» **Records shown**:
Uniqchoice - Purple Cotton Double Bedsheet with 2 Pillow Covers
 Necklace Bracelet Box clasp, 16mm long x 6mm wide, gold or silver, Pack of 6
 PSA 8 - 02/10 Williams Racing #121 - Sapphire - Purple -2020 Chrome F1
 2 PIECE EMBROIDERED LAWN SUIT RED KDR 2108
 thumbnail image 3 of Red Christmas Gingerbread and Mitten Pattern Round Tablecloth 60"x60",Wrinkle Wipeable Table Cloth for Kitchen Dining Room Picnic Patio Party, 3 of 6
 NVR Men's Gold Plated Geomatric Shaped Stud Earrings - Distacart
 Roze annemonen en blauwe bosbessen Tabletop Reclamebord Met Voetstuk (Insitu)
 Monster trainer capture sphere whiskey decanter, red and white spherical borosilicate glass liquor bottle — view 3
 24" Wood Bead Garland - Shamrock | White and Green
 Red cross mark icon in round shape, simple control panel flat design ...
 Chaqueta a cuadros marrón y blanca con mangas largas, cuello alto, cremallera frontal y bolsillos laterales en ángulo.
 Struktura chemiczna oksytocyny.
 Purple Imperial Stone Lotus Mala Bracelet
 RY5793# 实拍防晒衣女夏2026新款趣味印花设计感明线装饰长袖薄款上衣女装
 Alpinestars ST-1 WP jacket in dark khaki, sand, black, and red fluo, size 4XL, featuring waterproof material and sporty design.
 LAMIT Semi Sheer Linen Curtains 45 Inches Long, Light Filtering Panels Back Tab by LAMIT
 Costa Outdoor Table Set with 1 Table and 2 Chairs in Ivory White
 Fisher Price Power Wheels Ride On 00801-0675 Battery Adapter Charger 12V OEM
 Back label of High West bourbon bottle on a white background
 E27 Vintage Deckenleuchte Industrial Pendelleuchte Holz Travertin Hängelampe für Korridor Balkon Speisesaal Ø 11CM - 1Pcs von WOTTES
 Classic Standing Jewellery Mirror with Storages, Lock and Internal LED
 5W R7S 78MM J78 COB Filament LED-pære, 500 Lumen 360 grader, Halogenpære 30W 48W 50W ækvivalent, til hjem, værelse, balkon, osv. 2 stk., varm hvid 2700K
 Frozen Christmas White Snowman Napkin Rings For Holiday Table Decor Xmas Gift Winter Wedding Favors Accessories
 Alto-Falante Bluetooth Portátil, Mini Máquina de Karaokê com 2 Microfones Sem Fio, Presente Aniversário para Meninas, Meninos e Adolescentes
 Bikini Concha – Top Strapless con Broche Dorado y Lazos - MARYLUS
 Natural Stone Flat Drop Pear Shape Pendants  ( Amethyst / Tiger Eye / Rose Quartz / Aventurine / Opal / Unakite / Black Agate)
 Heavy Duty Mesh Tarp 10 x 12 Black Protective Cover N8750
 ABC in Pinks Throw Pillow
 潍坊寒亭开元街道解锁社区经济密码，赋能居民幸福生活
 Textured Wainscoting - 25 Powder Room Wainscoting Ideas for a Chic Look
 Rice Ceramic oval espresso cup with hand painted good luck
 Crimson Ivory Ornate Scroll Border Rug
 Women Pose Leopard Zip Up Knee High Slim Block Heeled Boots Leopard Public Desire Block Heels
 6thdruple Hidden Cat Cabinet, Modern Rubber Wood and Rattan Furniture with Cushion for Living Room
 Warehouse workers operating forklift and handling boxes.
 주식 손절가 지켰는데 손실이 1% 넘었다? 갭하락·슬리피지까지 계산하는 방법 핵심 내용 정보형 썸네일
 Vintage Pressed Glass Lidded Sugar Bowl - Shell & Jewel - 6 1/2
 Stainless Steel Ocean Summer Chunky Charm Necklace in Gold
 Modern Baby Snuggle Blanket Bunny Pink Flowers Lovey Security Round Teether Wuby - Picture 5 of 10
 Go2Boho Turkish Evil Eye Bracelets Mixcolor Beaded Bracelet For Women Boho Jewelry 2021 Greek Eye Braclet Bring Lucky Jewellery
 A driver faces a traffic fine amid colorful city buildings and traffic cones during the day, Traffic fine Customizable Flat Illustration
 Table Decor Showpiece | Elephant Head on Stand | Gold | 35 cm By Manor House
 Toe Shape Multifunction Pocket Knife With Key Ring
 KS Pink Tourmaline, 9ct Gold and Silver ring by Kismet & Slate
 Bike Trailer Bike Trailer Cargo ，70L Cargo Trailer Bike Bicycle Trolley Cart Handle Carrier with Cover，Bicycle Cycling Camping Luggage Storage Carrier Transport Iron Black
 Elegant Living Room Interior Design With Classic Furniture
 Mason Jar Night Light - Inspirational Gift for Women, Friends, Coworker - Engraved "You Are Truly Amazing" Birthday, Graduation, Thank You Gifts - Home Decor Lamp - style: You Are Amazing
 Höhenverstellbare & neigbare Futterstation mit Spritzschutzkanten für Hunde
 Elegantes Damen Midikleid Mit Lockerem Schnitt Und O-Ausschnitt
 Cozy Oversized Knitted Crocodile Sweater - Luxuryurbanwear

» **Problem to work on**:
Within the listing above, give again exactly every line from the line with "PSA 8 - 02/10" through the line with "thumbnail image 3", both included, and no other line.

» **Answer section**:
 PSA 8 - 02/10 Williams Racing #121 - Sapphire - Purple -2020 Chrome F1
 2 PIECE EMBROIDERED LAWN SUIT RED KDR 2108
 thumbnail image 3 of Red Christmas Gingerbread and Mitten Pattern Round Tablecloth 60"x60",Wrinkle Wipeable Table Cloth for Kitchen Dining Room Picnic Patio Party, 3 of 6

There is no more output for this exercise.